Hace casi quince años la dirección de la Inteligencia Central de Estados Unidos, dependiente de la Casa Blanca, publicó un informe sobre tendencias globales para el entonces lejano año 2015 (el informe puede leerse aquí). Los expertos estuvieron muy acertados en las predicciones. Preveían, por ejemplo, tensiones migratorias crecientes en la frontera con México, problemas demográficos en Oriente Medio que devendrían en descontento social y extremismo religioso, el surgimiento de China como gigante económico o continuos ciberataques que podrían al mundo entero en jaque. Para otras cosas no atinaron, pero, claro, ¿quién iba a imaginar algo tan inimaginable como el 11-S tan solo un día antes?
Quince años no es demasiado tiempo. Con buena información, sentido común y conocimientos de historia pueden hacerse pronósticos bastante fiables para 2030 e incluso para 2050. Muchos de los eventos actuales no son más que parte de tendencias globales que se desarrollan durante años. Simplemente hay que detectarlas y a partir de ahí seguirles el curso. Hay, de hecho, gente que se dedica a eso y cobra por ello. Bastante bien, por cierto.

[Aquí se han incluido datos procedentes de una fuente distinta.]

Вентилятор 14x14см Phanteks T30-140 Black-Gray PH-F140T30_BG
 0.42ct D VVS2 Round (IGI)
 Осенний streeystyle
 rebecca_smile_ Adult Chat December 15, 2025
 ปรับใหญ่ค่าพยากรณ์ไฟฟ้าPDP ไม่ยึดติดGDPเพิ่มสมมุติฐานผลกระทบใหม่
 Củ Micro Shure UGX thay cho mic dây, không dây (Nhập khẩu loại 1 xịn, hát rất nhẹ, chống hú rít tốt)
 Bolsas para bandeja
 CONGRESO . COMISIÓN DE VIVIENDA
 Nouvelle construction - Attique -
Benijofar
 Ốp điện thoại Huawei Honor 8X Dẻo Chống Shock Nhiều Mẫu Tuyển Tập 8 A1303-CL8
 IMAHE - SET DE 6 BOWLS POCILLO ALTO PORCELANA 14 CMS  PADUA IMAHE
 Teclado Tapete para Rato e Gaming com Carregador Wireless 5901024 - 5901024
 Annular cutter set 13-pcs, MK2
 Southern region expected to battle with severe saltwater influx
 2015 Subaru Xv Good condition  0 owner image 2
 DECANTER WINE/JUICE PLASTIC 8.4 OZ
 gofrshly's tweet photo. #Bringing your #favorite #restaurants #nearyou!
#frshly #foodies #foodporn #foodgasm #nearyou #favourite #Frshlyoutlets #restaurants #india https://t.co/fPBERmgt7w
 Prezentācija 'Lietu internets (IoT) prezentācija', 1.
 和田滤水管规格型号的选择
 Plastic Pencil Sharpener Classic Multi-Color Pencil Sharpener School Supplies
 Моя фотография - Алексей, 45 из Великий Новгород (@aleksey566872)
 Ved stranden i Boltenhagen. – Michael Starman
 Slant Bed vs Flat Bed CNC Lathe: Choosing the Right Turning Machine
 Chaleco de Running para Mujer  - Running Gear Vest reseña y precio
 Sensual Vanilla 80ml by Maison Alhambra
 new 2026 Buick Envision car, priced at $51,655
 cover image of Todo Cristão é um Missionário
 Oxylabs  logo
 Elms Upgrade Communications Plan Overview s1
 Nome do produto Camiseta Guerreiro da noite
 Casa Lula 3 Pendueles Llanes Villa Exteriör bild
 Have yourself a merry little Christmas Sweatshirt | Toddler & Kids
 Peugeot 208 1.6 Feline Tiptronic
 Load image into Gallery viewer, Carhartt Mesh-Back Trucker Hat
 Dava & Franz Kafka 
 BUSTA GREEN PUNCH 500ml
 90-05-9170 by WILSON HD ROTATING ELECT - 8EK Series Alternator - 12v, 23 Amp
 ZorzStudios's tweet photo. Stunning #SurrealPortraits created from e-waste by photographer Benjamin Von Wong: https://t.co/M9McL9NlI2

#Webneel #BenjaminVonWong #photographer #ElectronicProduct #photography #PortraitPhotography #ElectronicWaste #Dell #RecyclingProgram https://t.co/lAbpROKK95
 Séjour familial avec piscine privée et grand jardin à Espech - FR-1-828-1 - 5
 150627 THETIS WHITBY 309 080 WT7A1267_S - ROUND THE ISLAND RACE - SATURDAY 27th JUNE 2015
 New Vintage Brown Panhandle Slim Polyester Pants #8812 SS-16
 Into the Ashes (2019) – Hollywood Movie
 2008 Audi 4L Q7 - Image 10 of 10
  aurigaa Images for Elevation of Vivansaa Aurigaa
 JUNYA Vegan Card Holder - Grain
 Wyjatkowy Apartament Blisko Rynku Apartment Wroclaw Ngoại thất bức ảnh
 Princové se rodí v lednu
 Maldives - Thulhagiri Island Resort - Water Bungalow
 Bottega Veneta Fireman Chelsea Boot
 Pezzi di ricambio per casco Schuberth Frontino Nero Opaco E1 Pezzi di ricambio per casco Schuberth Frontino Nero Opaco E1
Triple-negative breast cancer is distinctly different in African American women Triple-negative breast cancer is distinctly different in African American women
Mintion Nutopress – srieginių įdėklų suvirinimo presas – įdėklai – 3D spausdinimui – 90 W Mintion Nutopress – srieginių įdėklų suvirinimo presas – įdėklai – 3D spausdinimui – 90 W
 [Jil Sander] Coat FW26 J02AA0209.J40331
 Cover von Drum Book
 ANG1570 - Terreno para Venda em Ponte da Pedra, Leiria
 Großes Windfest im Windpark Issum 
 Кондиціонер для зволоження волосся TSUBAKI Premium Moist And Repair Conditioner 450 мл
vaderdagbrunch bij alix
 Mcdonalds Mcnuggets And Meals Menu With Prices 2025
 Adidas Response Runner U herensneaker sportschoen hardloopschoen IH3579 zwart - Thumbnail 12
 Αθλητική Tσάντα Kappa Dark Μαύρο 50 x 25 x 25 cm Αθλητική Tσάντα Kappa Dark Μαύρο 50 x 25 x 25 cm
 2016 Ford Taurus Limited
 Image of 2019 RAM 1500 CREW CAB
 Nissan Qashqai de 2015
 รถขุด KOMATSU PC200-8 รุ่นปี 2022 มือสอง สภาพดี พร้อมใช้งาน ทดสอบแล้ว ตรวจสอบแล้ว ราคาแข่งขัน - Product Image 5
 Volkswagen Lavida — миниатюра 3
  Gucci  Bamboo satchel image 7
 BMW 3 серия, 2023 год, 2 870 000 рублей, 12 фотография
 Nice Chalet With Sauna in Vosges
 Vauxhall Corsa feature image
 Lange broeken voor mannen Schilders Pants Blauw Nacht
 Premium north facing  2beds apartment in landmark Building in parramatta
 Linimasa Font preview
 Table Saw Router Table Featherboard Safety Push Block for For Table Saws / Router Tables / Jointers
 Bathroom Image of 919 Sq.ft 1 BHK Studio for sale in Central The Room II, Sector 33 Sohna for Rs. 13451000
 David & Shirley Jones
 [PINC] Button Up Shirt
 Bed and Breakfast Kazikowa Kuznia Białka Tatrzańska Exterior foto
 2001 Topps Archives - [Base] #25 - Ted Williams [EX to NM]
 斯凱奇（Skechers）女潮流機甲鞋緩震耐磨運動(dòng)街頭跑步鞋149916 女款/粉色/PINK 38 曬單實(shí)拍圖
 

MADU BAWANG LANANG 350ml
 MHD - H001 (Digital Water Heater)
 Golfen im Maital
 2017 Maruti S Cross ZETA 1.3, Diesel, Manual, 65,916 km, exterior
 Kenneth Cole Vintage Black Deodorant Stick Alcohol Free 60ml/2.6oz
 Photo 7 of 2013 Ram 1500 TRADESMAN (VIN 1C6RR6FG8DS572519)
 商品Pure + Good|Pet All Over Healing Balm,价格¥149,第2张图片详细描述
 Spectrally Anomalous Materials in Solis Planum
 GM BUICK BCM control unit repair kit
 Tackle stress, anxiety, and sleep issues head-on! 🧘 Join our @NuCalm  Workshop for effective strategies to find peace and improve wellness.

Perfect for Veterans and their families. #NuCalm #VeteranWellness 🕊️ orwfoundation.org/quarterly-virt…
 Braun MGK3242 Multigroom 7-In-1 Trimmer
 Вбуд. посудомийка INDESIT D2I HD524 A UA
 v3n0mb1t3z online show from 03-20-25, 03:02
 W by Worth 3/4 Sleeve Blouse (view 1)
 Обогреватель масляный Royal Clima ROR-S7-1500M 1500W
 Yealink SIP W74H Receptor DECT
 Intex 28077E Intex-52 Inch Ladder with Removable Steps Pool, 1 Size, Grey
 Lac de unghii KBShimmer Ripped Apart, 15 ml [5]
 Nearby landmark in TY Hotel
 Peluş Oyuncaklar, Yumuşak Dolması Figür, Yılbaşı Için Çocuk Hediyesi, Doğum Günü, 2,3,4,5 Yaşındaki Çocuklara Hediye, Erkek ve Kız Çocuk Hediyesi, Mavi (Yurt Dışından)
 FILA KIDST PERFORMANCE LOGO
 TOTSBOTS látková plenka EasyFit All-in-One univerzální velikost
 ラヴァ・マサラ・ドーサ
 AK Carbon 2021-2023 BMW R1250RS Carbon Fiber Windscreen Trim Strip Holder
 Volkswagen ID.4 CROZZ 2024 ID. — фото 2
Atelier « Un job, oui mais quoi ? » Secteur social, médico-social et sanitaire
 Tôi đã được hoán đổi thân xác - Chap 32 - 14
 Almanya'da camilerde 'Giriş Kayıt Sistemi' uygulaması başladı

Llegados a este punto cabría preguntarse lo siguiente: ¿hace tres lustros hubiésemos visto con claridad la España actual, que, aunque comenzó el siglo con una euforia desmedida, ahora se encuentra presa de la frustración y el desánimo?Probablemente no… o quizá sí, pero sólo si el augur se hubiese preocupado de mirar por debajo de la siempre finísima epidermis de las vacas gordas.
Ninguno de los males que afligen a la patria es nuevo. Ninguno. La crisis económica, sin irnos muy lejos, se larvó precisamente durante esos años de lujo y fantasía en los que el crédito fácil y las recaudaciones fiscales extraordinarias inflaron varias burbujas que son en primera y última instancia las causantes de nuestras calamidades de hoy. Fue en el año 2001 cuando al gobernador del BCE le dio por bajar los tipos de interés hasta niveles ridículamente bajos. De aquellos polvos, esas promociones en la costa y aquellas urbanizaciones en el extrarradio, esos créditos consumo sin garantías y aquellos préstamos ruinosos a empresas con ideas todavía más ruinosas.
El crecimiento desmesurado del Leviatán estatal en sus distintos escalones administrativos también procede de la misma época. El Gobierno central, los autonómicos y las corporaciones locales dispararon el gasto al calorcito de la expansión crediticia y la sensación de sempiterna bonanza. No nos engañemos, la España de aquel entonces era lo más parecido al país de nunca jamás, tal vez por eso la guerra de Irak o el calentamiento global dieron tanto que hablar. En estos momentos con la que está cayendo asuntillos tan banales seguramente los hubiésemos ignorado.
Los excesos crediticios e inmobiliarios se han ido digiriendo mediante un ajuste de caballo que ha puesto a seis millones de personas en la calle, al tiempo que ha consumido la carrera profesional de una generación de españoles y las esperanzas de encontrar un empleo de otra. En cambio, los excesos en los que hocicaba –y sigue hocicando– el politiquerío y su recrecida cohorte funcionarial se han dado por buenos e inevitables. El futuro era este, convendría un fino observador desde el pasado. El futuro era que una menguante minoría pagase los impuestos de Alemania del este para mantener a una mayoría que no hace sino acrecentarse. Desconozco hasta donde aguantará la cuerda sin romperse. Lo que sí sé es que todo apunta a que lo que tenemos nos parece poco. Queremos más, más políticos, más funcionarios, más Gobierno, más Estado, más miseria, más atraso. Que no se diga en 2030 que no lo hemos visto venir.